Hukukun şekli kaynaklarını yazılı kaynaklar ve yazısız kaynaklar biçiminde bir ayırıma tabi
tutarız. Bunlara yardımcı kaynakları da ekleyebiliriz.
* Yazılı kaynaklar deyimi ile; hukuk kurallarının yazılı bir biçimde yer almış oldukları
metinler ifade edilmek istenir. Bunlar yazılı hukuk kurallarını içeren kaynaklardır. Yazılı
hukuk kuralları yetkili mercilerce konulmuşlardır. Yazılı kaynaklar; kanunlar, kanun
hükmünde kararnameler, tüzükler ve yönetmeliklerden oluşur.
* Yazısız kaynağı; örf ve adet ( gelenek) hukuku oluşturur. Bu kurallar yetkili bir merci
tarafından konulmazlar. Bunlar toplumda kendiliğinden doğarlar. Bir adetin, bir geleneğin
örf ve adet hukuku kuralı olabilmesi için üç unsurun bir arada olması gerekir. Bunlar;
maddi unsur, manevi unsur ve hukuki unsurdur.
* Yardımcı kaynaklar ise; bilimsel görüşler (doktrin) ile yargısal kaynaklardan oluşur.
*Hak; hukuken korunan yarardır.
* Mülkiyet hakkı; kişinin bir şey üzerinde egemenliğidir.
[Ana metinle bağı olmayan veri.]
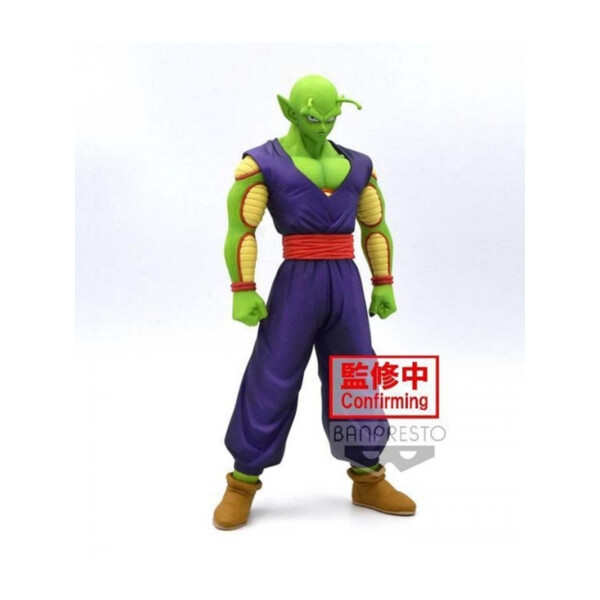 Banpresto BP18622 Figura de Acción Piccolo Dragon Ball Super - Super Hero Dxf 18 cm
* Kamu hakları; kamu hukukundan doğan haktır.
* Özel haklar; özel hukuktan doğan haklardır.
* Kişisel hak; kişinin maddi ve manevi tüm varlığı ile ilgili olan ve bu varlığın serbestçe
geliştirilmesi amacına yönelik olan haktır.
* Mutlak hak; sahibine maddi ve maddi olmayan bütün mallar ile kişiler üzerinde en geniş
yetkiler veren ve herkese karşı ileri sürülebilen haktır.
*Eşya; maddi mallardır.
* İrtifak hakkı; bir eşyayı sadece kullanma ve ondan yararlanma yetkisi sağlayan ayni
haktır.
* İntifa hakkı; yararlanma hakkı; başkasına ait malları kullanma ve bunlardan
yararlanma yetkisi veren haktır.
* Rehin hakkı; bir alacağın yerine getirilmemesi durumunda, hak sahibine, belli bir malı
sattırma yetkisi veren haktır.
* Fikri hak; bir kimse tarafından yaratılan yapıt üzerindeki düşünsel haktır.
* Telif hakkı; yazar hakkıdır.
* Patent; bulgu belgesidir.
* Velayet hakkı; ergin olmayan çocuklar üzerinde ana ve babaya tanınmış olan mutlak
haktır.
* Haksız fiil; bir kimsenin hukuk kurallarına aykırı ve zarar verici davranışıdır.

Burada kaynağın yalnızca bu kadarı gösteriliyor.